A former U.S. State Department staff member who worked for Hillary Clinton will not testify before U.S. lawmakers probing the former top diplomat and the 2012 attacks on a U.S. compound in Benghazi, Libya, according to a congressional memo.

Clinton, the front-runner for the Democratic presidential nomination, was secretary of state at the time of the attacks, in which four Americans were killed. The Republican-led House Select Committee is investigating the incident as well as Clinton's use of a private email during her tenure.

In a memo released on Thursday, the ranking Democrat on the committee said lawyers for the information technology aide, Bryan Pagliano, earlier this week told lawmakers he was invoking his constitutional right not to testify.

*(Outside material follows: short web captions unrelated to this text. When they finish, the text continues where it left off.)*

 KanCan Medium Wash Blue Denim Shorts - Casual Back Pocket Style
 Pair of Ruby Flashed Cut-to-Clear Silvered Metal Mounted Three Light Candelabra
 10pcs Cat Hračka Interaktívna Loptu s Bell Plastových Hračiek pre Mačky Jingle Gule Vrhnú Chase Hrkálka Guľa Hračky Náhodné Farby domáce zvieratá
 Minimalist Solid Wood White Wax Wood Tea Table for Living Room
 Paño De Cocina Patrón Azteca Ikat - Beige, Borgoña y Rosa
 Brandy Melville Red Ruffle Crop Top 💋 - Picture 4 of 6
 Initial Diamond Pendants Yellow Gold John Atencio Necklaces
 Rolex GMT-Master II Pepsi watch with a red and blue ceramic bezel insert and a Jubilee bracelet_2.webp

"The letter from Mr. Pagliano's attorneys expresses concern about 'the current political environment,'" U.S. Representative Elijah Cummings said in the memo to fellow Democrats on the committee. It was dated Wednesday and released publicly on Thursday.

Clinton's campaign said in a statement that she had encouraged current and former aides to answer questions and "be as helpful as possible," according to the Washington Post.

Her use of a private email server based at her house in the New York area while secretary of state has become a controversial issue as she seeks the Democratic Party's presidential nomination in the November 2016 election.

MSNBC reported Pagliano set up the email server in 2009.

According to the Washington Post, he previously worked on Clinton's 2008 presidential campaign. Two other committees in the U.S. Senate have also contacted him in the past week, the newspaper reported, citing a copy of the lawyers' letter.

Republican Representative Trey Gowdy, head of the House Select Committee on Benghazi, last month issued the subpoena for Pagliano to appear to give a deposition to the committee.

Representatives for Gowdy as well as Pagliano's lawyers could not immediately be reached for comment.